Welvaart gaat over de mate waarin de behoeften vervuld kunnen worden met schaarse middelen. Hoe
welvarender een land, hoe meer die behoeftes worden vervuld. Opnieuw kan dat verschillen van
maatschappij tot maatschappij.
Sommige maatschappijen vinden materiële zaken belangrijker, anderen vinden institutionele zaken (zoals
goed werkende justitie of goed gezondheidsstelsel) belangrijker.
2
, Welvaart wordt op een bepaalde manier gemeten, maar weet dat dat ook niet de absolute waarheid is.
Tijd wordt bijvoorbeeld niet in welvaart gemeten. Een land kan zeer hard werken en daardoor een hoge
welvaart creëren, uitgedrukt in geld, maar tijd als men quasi geen vrije tijd heeft, dan wordt dat niet
gereflecteerd. Dan kan dat anders geïnterpreteerd worden.
Welzijn is de combinatie van welvaart met vervulling van niet-meetbare behoeften, hoe goed een
maatschappij draait economisch is er nog een verschil tussen welvaart en welzijn. Welzijn probeert die
niet-meetbare zaken mee te nemen.
In een economische wetenschap zal welzijn zeer subjectief zijn.

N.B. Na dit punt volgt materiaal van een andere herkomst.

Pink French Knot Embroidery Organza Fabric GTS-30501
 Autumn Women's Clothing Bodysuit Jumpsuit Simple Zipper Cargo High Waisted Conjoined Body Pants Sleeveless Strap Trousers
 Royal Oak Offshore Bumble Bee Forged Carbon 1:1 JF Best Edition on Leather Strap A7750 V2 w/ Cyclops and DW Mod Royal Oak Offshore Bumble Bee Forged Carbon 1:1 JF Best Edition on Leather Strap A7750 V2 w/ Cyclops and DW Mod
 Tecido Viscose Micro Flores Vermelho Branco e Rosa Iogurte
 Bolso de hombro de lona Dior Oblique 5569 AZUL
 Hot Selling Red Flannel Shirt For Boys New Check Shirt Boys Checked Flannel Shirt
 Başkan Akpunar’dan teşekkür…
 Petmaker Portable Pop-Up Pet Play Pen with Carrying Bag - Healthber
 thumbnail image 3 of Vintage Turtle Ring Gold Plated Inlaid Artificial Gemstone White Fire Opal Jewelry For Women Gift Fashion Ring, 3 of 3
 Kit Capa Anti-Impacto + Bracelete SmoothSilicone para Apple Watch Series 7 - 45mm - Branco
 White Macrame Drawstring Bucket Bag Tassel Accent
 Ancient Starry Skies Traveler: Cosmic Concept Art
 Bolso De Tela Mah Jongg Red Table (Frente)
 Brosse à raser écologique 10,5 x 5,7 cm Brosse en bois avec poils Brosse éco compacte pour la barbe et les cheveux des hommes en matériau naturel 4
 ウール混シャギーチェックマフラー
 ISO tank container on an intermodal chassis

(Schaarse) Productiefactoren
Productiefactoren zijn niets anders dan de middelen om iets te kunnen maken of om iets te kunnen doen.
Je hebt arbeid, natuur en kapitaal. Het spreekt allemaal een beetje voor zich.
Arbeid de originele productiefactor. Wat mensen kunnen doen in een uur.
Natuur gaat hem eigenlijk over ertsen, ruimte, het gaat hem eigenlijk over tijd ook. Het gaat ook over de
kwaliteit van de omgeving, klimaat of milieukwaliteit.
Hoe beter het productiefactor natuur is, hoe beter het is voor uw economie. Dus klimaat en economische
groei, die zaken kunnen elkaar versterken.
Het laatste is het afgeleide van natuur en arbeid: kapitaal. Het gaat niet enkel over geld, geld die nodig is
om een bedrijf op te starten of om zaken op te starten, maar gaat ook over bijvoorbeeld een hamer, een
machine. Dat is ook kapitaal.
Kapitalistisch: het feit dat er bepaalde middelen worden verzameld: een fabriek, een machine, een hamer
en wat werkkapitaal (geld erachter) om zaken te kunnen produceren.
Die drie productiefactoren zijn de fond van elk bedrijf.
Goederen
Een derde basisbegrip: goederen.
Die goederen zijn het resultaat van wat arbeid- en wat productiefactoren. De goederen op zich kunnen
ook behoeftes vervullen. Die zijn ook schaars: machines zijn schaars.